Three years ago, I sat alone in the third row at a chapel service in Greenville College’s Whitlock Music Center. I was angry as I sat through worship and questioned and wondered what had made my heart so cold. I longed to feel God’s presence, but I was becoming more and more convinced that He was never really there. That chapel service happened to be a Communion service. I sat near the front and watched each person file through that line to receive “the body and blood of Christ, broken and shed for you … for you … for you … for you … for you … for me.”
I began to weep as something in me clicked. “Broken and shed for you.” Christ suffered for our ultimate gain, for our healing — our holistic healing. Whatever suffering in my life or yours today is worth something, and real, and painful. Christ is there. He’s in the thick of it for you … and you… and you — broken for you. This is what we have to offer the world.

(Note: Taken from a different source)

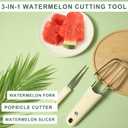 3 x 3-in-1 Watermelon Fork Slicer Cutter, Stainless Steel Watermelon Slicer Fork Melon Cutter Knife Fruit Watermelon Cutting Tool Multifunctional Portable Home Kitchen Gadgets (Beige)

When our black brothers and sisters come forward saying, “We are suffering in this country and our lives seem not to matter; we will no longer be silent,” the church cannot retain silence either. When refugees come to us saying, “We have no home, we have nowhere to go,” we cannot turn them away. When people with mental or physical illness say, “My story does not seem to matter, and I am constantly being told to just try harder to be well,” we cannot respond with dismissal. As Jesus does, we must embrace the foreigner, or the one who has been cast out, and begin the long and often painful process toward healing. We must enfold them in this larger narrative we have, to offer hope and healing to the world. We have the hope of resurrection and the everyday acts of faithfulness to give. So we must give freely and abundantly. We break bread. We pray continually, “I believe. Help my unbelief.”
We pray every single Sunday — every single Sunday — for healing with those with cancer. This is faithfulness.
We give thanks for His healing, and we continue to pray for where it still hurts. We mourn and we rejoice in the promise of the kingdom. We do the tireless work of reconciliation. This is our gift, Christ’s gift, to a hurting world and to one another. These everyday mercies of God are what heals the soul. These everyday mercies are Christ living among us, Christ whispering, “Your faith has made you well.”
Kirsten Freeze is a student at Greenville College and The Vista’s content editor. This article is adapted from a sermon she preached in October at St. Paul’s Free Methodist Church.
- Have you ever felt like God doesn’t care because He allows suffering?
- What can we learn from Jesus’ response to suffering?
- How can you and your church embrace people who are suffering and marginalized?